Figures for last month, given to the Weekend Herald by Transit NZ, show traffic on the city's motorways in peak hours is down an estimated 3 per cent since May last year.

That translates to a reduction of more than 6000 cars a day on some of the system's busiest stretches.

In the same period, Auckland's population rose by about 23,000, from 1,394,000 to about 1,417,000.

Transit's northern operations manager, Joseph Flannagan, said the average reduction in motorway traffic was about 3 per cent, but decreases of between 4 and 7 per cent were recorded at Great North Rd on the Northwestern Motorway, and at Silverdale, Oteha Valley Rd, Esmonde Rd and St Marys Bay on the Northern.

Falls of less than 1 per cent were recorded on the Southern Motorway and remaining Northwestern Motorway sites.

The only place where an increase was recorded was Mangere Bridge, on the Southwestern Motorway, where vehicle numbers were up 5 per cent.

Mr Flannagan said many factors could be contributing to the reduction in vehicle numbers, and it was impossible to say if it was the result of petrol price rises.

But other commentators say the cost of fuel is certainly a factor in the drop.

Automobile Association spokesman Simon Lambourne said it was apparent high petrol prices were forcing people to change their driving habits. Whether change was a long-term trend would not be known until fuel consumption figures were issued next month.

He warned against using the reduction as a reason to cut spending on Auckland's motorways.

"We still have significant congestion in the system, and parts of the picture to complete."
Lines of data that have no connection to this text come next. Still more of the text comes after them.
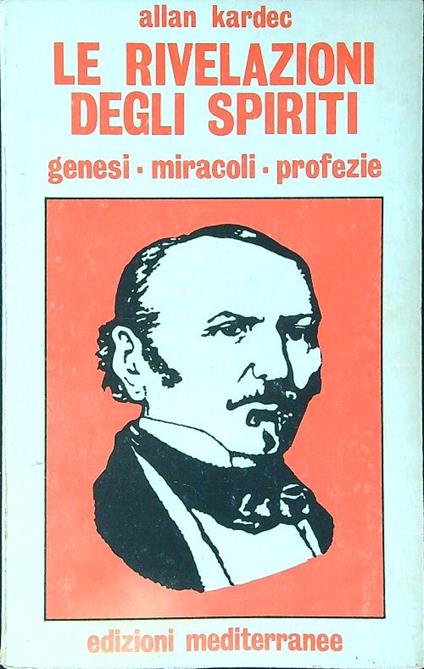 Le rivelazioni degli spiriti. Genesi - Miracoli - Profezie - Allan Kardec - copertina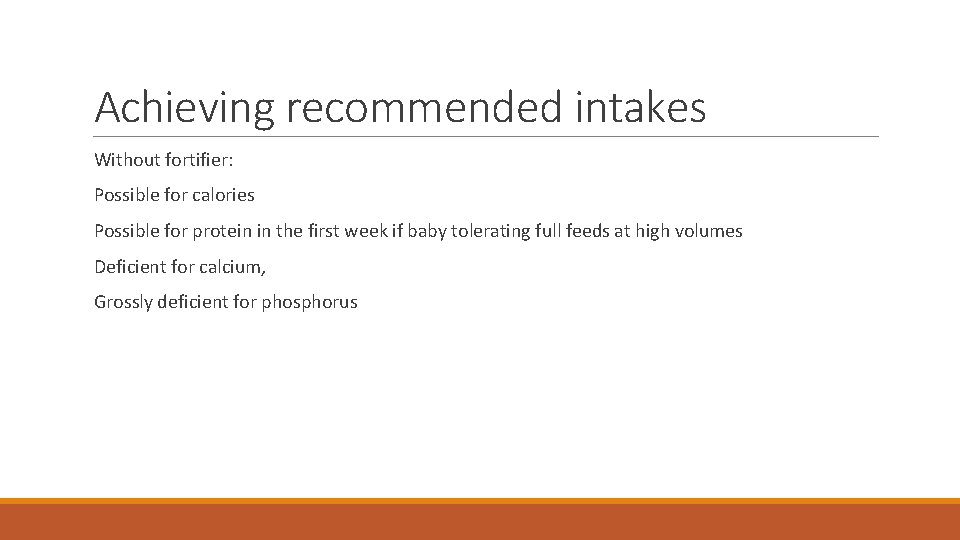 Achieving recommended intakes Without fortifier: Possible for calories Possible for protein in the first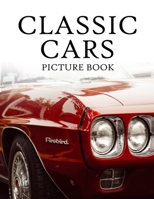 Classic Cars Picture Book: for Alzheimer's Patients and Seniors with Dementia B09CCH7KRW Book Cover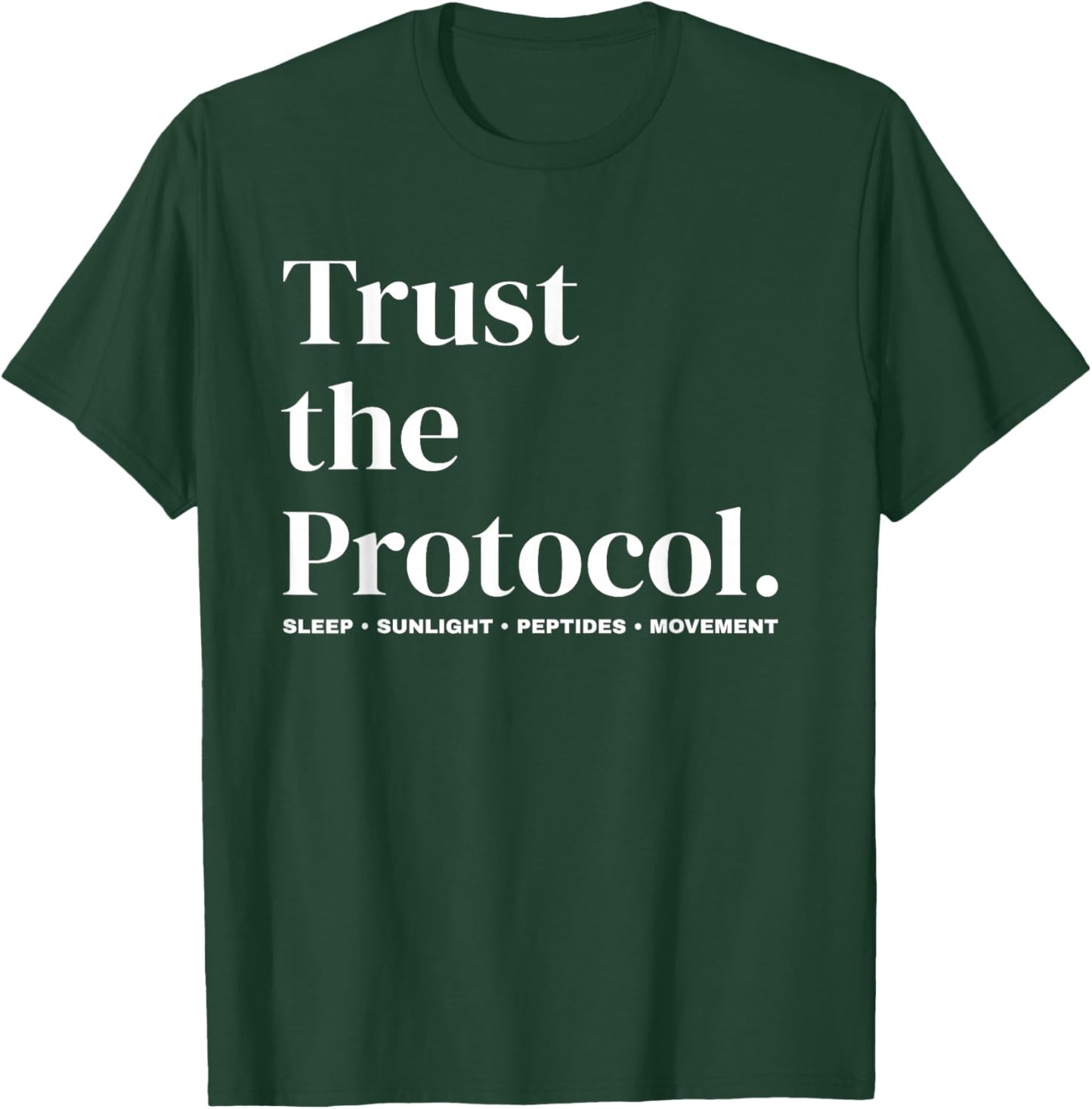 Trust The Protocol Biohacking Longevity Peptide Men Women T-Shirt - T-Shirt | Forest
But Campaign for Better Transport convener Cameron Pitches said people were changing habits, avoiding unnecessary trips, car-pooling and taking their daily commute into account when moving house.

Heavy investment was needed in public transport to reflect those changes.

"Auckland is spending about $100 million a month on fuel. And that's
money draining straight out of our economy."

Huge investment and new services in Auckland's public transport system are also being touted as big reasons for Aucklanders' changing habits.

About 3.4 per cent more public transport passenger journeys were made in the year to May, compared to the year to May 2007. Rail trips in May this year were 21 per cent higher than the same month last year.

Green Party co-leader Jeanette Fitzsimons said the change in driving habits should herald a swing towards public transport funding in Auckland.

But future public transport investments were being pushed aside while motorway funding was secured.

Auckland's rail electrification was now in doubt as the expected regional fuel tax to provide the funding had lost favour in Parliament, she said.

Electrification of the rail system and converting Britomart to a through-station would enable passenger numbers to increase from 6 million a year now to 38 million, at a cost of about $2 billion.

A similar figure is being spent on the Western Ring Route's Waterview tunnel.

Ms Fitzsimons says this project should be scrapped and the money spent on rail, avoiding the need for any petrol tax.

Auckland Regional Transport Authority customer services general manager Mark Lambert said the shift from cars to public transport was partly driven by the cost of fuel.

But constant improvements to public transport services were giving people another option.